Nel caso in cui il percorso non si realizzi e la "tregua" non produca risultati ne' accordi, il tecnico dichiara la propria impossibilità e rimanda la decisione al giudice fornendo elementi di valutazione formulati in un'ottica sistemica.
In questo senso e' la costruzione, l'articolazione di un progetto comune ai tre sistemi, ma altamente differenziato e separato, che permette di sovvertire la logica di giudizio, che permette alla famiglia di utilizzare, nel confronto con le Istituzioni, la propria competenza al fine di raggiungere il suo nuovo equilibrio e la sua specifica nuova organizzazione.
I tre sistemi coinvolti possono interagire creando una modificazione della situazione in cui viene definita l'inutilità del giudizio. Il Tribunale ha individuato in questa una metodologia utile a trasformare un invio del Giudice della famiglia in crisi in forma obbligata, in una potenzialita' per la famiglia stessa di riprendere un dialogo costruttivo per superare disagi e conflitti in funzione di un ruolo genitoriale.
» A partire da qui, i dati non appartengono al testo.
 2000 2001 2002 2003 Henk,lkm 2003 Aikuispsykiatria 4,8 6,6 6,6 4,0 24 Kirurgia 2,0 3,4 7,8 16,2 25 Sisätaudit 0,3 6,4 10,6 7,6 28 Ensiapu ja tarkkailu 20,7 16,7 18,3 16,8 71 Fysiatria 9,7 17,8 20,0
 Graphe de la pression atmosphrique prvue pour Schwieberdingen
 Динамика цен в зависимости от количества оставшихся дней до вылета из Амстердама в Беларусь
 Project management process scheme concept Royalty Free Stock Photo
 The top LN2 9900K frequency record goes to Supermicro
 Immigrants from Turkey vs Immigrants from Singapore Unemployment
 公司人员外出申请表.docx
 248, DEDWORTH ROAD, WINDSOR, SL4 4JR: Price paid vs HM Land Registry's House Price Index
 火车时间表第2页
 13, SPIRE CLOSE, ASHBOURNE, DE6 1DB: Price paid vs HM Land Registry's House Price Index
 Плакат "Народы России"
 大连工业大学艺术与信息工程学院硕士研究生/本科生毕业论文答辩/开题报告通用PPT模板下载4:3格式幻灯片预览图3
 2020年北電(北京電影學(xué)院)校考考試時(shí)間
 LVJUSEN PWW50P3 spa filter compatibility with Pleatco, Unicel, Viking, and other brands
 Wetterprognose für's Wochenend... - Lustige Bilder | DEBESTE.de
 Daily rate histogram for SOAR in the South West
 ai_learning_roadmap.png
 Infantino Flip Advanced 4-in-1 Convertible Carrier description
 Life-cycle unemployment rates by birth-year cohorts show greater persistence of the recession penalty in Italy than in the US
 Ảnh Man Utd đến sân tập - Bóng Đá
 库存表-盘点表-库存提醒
Intervento di costruzione di contesto
Si tratta di quelle situazioni complesse e ambigue, in cui si evidenzia un profondo malessere e una forte sofferenza, ma manca una domanda esplicita d'intervento, come nel caso delle famiglie multiproblematiche o migranti.
In queste situazioni c'e' spesso una rilevante implicazione di reti professionali e agenzie per cui l'unica possibilità che ci resta e' costruire un contesto che renda poi attuabili i diversi interventi.
Innanzi tutto uso spesso lo strumento di rompere il contesto ormai pregiudicato.
In queste situazioni c'e' sempre una rete che fa da sostegno alle parti; per ristrutturarla vanno decostruite le connessioni e ricostruiti nuovi punti nodali.
Disinnesco il meccanismo del macrocontesto prima di arrivare a parlare con le parti in causa, per recuperare il rapporto tra utenti e servizi su nuovi presupposti, ad esempio introducendo un mediatore culturale che mi permette una comprensione non solo del linguaggio, ma anche dei sentimenti e della cultura diversa.
Il lavoro di rete, riunire tutte le persone coinvolte (utenti, avvocati, servizi, associazioni e giudici) permette di ridefinire la relazione. Uscire dai giochi e dalle alleanze attribuite, introdurre trasparenza e chiarezza, mettere le carte in tavola apre uno spazio per poi effettuare gli interventi.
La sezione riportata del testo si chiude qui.